Dans ses orientations stratégiques en matière de justice et d'affaires intérieures formalisées au mois de juin 2014, le Conseil européen a confirmé l'importance du rôle joué par le coordinateur dans la lutte contre le terrorisme. À la suite des attentats terroristes commis à Paris au mois de janvier 2015, ce dernier a participé aux discussions sur le renforcement de la réaction de l'Union européenne en matière de lutte contre le terrorisme, sur le plan intérieur comme extérieur .

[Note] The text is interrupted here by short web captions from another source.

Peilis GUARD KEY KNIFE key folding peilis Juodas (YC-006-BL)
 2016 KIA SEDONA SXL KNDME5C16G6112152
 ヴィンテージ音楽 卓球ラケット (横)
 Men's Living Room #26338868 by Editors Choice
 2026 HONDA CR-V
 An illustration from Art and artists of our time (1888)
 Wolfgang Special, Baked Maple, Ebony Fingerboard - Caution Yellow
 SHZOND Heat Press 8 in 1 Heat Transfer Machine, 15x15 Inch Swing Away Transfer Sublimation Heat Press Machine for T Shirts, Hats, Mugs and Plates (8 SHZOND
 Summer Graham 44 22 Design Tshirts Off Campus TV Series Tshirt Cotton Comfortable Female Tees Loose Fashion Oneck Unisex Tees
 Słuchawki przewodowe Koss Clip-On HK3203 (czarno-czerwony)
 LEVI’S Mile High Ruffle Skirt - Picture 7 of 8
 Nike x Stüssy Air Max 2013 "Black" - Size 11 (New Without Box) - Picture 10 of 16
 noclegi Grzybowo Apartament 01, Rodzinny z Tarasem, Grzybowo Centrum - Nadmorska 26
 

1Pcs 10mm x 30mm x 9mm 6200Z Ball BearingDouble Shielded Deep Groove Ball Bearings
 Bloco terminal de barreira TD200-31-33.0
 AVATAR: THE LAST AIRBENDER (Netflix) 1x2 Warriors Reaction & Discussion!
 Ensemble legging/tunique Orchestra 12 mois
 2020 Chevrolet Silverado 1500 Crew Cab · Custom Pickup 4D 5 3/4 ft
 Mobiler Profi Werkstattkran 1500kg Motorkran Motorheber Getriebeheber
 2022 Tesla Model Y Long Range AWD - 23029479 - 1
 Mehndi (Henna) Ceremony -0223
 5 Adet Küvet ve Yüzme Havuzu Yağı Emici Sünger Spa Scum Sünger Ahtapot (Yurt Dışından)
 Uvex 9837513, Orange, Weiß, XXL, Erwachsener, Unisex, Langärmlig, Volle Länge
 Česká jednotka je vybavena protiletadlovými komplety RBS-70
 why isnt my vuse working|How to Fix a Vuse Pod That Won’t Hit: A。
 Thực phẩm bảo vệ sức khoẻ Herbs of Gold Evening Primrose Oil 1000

Le 12 février 2015, les chefs d'État et de gouvernement ont insisté sur l'importance du dialogue avec les pays tiers sur les questions de sécurité et de lutte contre le terrorisme. Ils ont cité, en particulier, les régions du Moyen-Orient, de l'Afrique du Nord et du Sahel, mais également la région des Balkans occidentaux. À la suite de cette déclaration, le coordinateur pour la lutte contre le terrorisme et le directeur du Service européen d'action extérieure (SEAE) chargé des questions multilatérales se sont rendus au Liban, le 23 février et en Tunisie, les 24 et 27 février. Ces visites avaient pour but d'identifier et d'explorer les moyens de renforcer les capacités de lutte contre le terrorisme et la coopération internationale.
Du 16 au 20 février 2015, le coordinateur a assisté, à Washington, au Sommet sur « la lutte contre l'extrémisme violent » organisé par le président des États-Unis, M. Barack Obama. Il a participé, aux côtés de la Haute représentante de l'Union pour les affaires étrangères et la politique de sécurité, à la réunion ministérielle organisée par le secrétaire d'État américain, M. John Kerry. M. Gilles de Kerchove a également participé à une réunion ministérielle sur les combattants étrangers et a rencontré plusieurs de ses homologues américains chargés des questions de lutte contre le terrorisme.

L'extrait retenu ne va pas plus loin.